Growing up in France, while everyone else was having bûche de Noël for the holidays, Kamel Saci ate his mother and grandmother's basbousa instead. Drenched in an orange blossom syrup, the semolina cake was a fragrant reminder of the Ramadan and Eid desserts they'd grown up with in Algeria. "They made the cake for the Western holidays because it was fit for a celebration, any celebration," says Saci, now head baker at Il Buco Alimentari & Vineria in Manhattan. His mother also made baghrir, thick but wonderfully light, yeasty crêpes. Cooked only on one side, they're pockmarked with holes—crannies for capturing melted butter and warm honey. They made a festive holiday treat. "Even now," says Saci, "I make basbousa and baghrir around Christmas because we"re with family and we want things that make us feel connected to Algeria."
Ghaya Oliveira grew up baking sweets with her grandmother in Tunisia. Now the head pastry chef at Daniel in New York, she finds herself returning to traditional Tunisian desserts this time of year. "Our holiday sweets are the tiniest bit of indulgence, made with the best quality ingredients like nuts and flower waters to perfume them with opulence."

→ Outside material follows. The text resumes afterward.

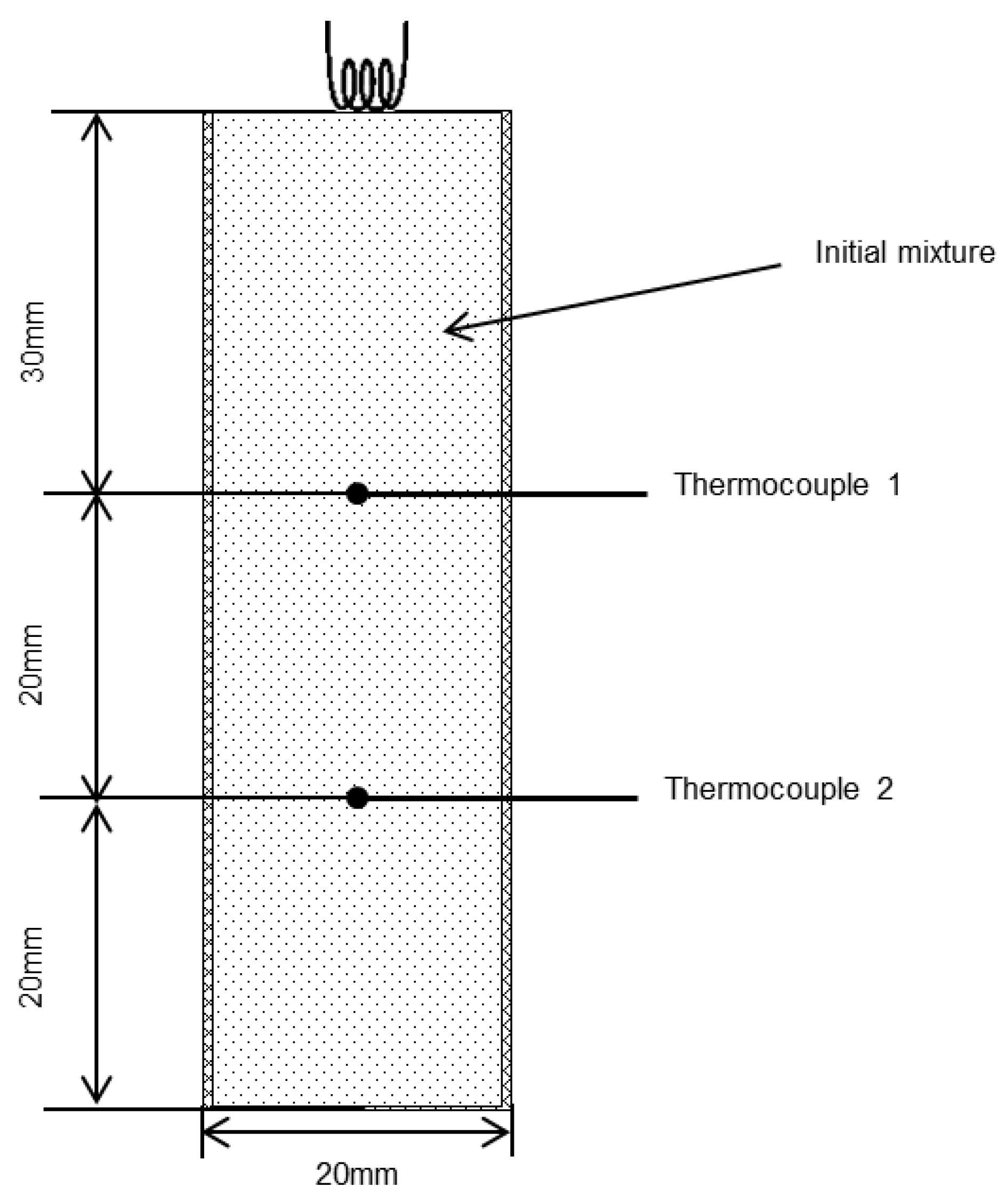 Materials 16 03648 g001 Materials 16 03648 g001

Kaber ellouz, tender marble-sized almond marzipan balls rolled in sugar, share her holiday table with fried desserts like makroud, semolina diamonds stuffed with dates, soaked in a bright orange blossom syrup, and covered with toasted sesame seeds, and exquisite pastries called deblah, spirals of thin dough fried to a crisp, drenched in lemon syrup, and showered with chopped nuts. "In Tunisia," Oliveira says, "the holidays are all about giving this small edible gift to someone, a special bite made with care."